Despite recent market volatility, many stock market indices remain near their all-time highs. In such an environment, stocks offering good value are difficult to find. However, opportunities still exist for investors willing to look hard enough, and I believe that China Mobile (CHL) represents just such an opportunity.
With a $192 billion market capitalization, China Mobile is one of the largest publicly-traded Chinese companies and is the country’s leading wireless service provider with 835 million mobile subscribers.

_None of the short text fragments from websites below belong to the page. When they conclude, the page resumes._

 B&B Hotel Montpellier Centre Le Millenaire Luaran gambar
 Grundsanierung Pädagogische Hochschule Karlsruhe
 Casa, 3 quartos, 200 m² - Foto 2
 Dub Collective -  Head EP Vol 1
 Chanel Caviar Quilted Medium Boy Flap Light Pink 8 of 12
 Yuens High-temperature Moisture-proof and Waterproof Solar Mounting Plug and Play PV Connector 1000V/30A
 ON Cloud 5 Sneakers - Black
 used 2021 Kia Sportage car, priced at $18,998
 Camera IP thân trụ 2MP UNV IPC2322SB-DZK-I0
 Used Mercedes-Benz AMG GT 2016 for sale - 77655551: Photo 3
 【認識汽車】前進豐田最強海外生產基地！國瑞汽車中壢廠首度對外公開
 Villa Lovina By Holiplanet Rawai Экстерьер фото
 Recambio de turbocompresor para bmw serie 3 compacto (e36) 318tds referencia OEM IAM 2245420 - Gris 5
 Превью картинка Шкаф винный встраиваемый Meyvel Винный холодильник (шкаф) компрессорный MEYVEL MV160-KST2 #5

To put this figure in perspective, China Mobile’s subscriber base is almost four times the size of the U.S. customer base of Verizon (VZ), the #1 U.S. wireless carrier. With a 62% market share of the mobile market in China, the company enjoys a tremendous scale advantage that should allow it to generate attractive returns on capital.
Why I Like the Valuation
Despite the fact that revenues and profits have more than doubled over the past decade, China Mobile shares currently trade at the same level that they did in the summer of 2007. There are valid concerns regarding China’s economy, especially with respect to the country’s real estate and banking sectors, but penetration of smart phones and use of mobile data should continue to increase over the long-term, even if economic growth decelerates.
The company currently trades at 10.5x forward earnings, and the EV/EBITDA multiple stands at just 2.9x. To sweeten the deal, CHL pays a 5.4% dividend at the current share price. China Mobile’s dividend has increased at a compound annual growth rate of 16% over the past decade, and I expect the dividend to increase further, as profits should continue to rise.
China Mobile’s balance sheet is extremely strong, with a net cash position of nearly $70 billion (representing roughly one-third of current market capitalization), which gives me comfort with respect to the downside risk of owning the stock.
Overall, the valuation of China Mobile is modest compared to its counterparts elsewhere in the world, with what I view as an attractive risk/reward profile for patient, long-term investors. At a time when many financial news outlets are pushing richly valued, popular stock names, I believe long-term investors are best served owning companies like China Mobile, which should enjoy long-term, structural tailwinds but which also trades at a fetching valuation.
Beyond that, the demand for China Mobile’s services are somewhat insulated from economic activity, as wireless telecom is somewhat of a quasi-utility. Sooner or later, I expect that the broader market will come to agree with me that China Mobile represents an excellent opportunity to invest in the long-term growth of wireless communications.